→ Goal of the exercise:
Wherever "blue" appears in the records below, copy the line that holds it.

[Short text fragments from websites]
>>>

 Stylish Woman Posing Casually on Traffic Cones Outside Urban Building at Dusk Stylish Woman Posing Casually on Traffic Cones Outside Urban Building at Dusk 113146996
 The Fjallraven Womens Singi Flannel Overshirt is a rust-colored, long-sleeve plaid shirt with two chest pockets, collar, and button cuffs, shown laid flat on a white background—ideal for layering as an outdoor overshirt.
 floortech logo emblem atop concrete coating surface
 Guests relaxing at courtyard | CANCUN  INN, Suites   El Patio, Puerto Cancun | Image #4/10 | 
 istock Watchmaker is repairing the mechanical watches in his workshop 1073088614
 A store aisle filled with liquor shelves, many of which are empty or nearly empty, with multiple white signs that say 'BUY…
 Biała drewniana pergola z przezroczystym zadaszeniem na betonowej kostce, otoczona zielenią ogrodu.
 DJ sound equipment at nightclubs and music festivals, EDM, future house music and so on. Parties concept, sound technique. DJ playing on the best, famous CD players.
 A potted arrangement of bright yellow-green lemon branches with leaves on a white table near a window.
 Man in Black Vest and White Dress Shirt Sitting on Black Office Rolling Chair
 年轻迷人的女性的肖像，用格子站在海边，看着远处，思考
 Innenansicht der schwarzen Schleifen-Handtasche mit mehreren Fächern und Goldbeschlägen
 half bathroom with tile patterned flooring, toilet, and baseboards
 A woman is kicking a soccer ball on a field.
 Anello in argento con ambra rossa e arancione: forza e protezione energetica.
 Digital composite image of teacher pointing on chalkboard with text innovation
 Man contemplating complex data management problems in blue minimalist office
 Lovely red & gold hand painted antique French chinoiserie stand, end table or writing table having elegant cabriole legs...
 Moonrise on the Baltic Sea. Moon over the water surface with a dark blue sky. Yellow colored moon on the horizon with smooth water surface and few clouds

<<<

→ Answer area:
 Man contemplating complex data management problems in blue minimalist office
 Moonrise on the Baltic Sea. Moon over the water surface with a dark blue sky. Yellow colored moon on the horizon with smooth water surface and few clouds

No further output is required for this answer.